"""

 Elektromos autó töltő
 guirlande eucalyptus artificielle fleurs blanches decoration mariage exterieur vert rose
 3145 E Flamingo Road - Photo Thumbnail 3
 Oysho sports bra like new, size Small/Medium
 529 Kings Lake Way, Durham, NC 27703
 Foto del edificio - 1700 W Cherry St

"""
"""

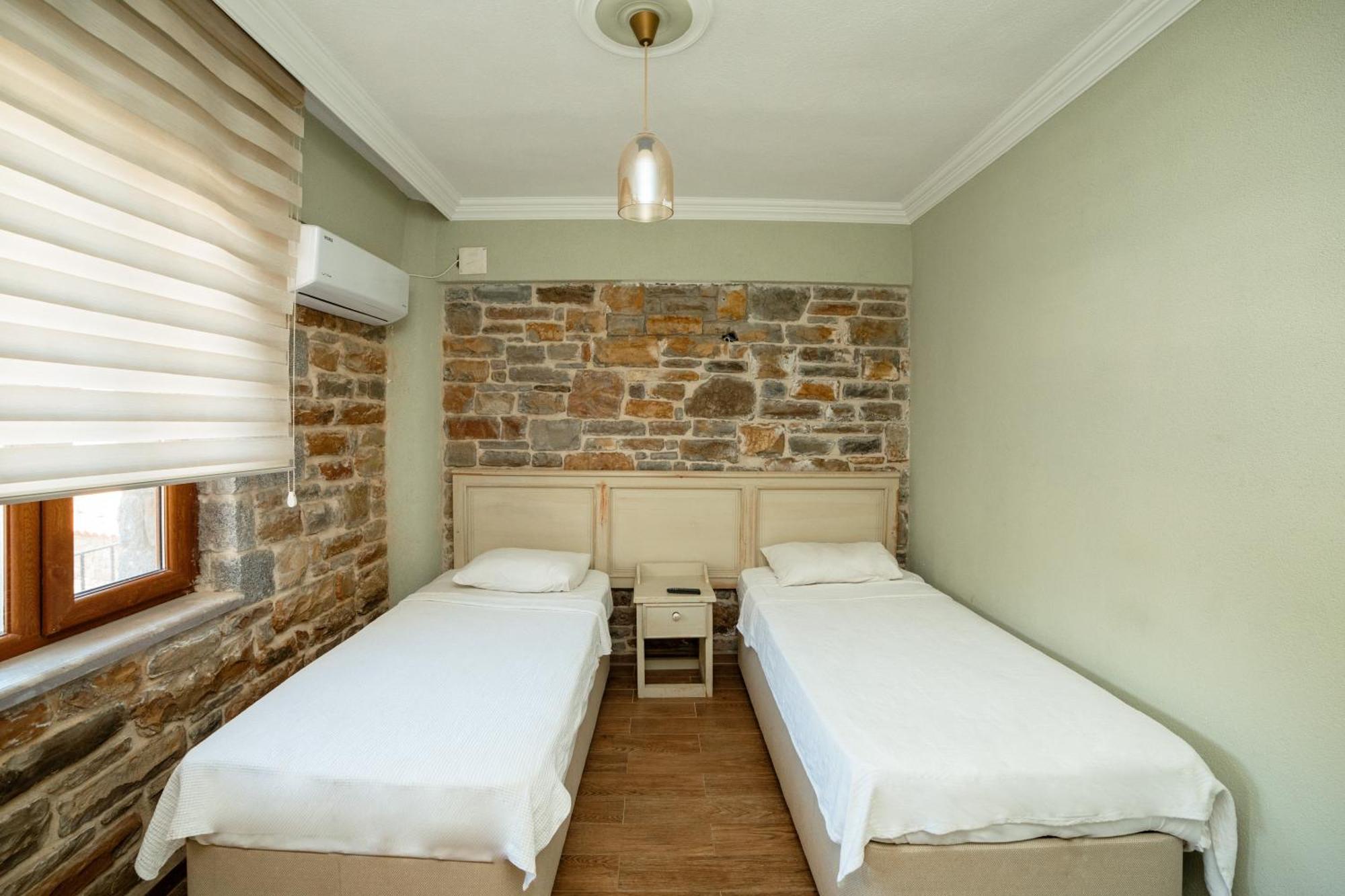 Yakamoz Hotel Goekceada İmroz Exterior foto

"""

Among the records above, extract exactly the lines from the line with "529 Kings Lake Way, Durham, NC 27703" to the line with "Foto del edificio - 1700 W Cherry St", both lines included, and leave out the rest.

Answer section:
 529 Kings Lake Way, Durham, NC 27703
 Foto del edificio - 1700 W Cherry St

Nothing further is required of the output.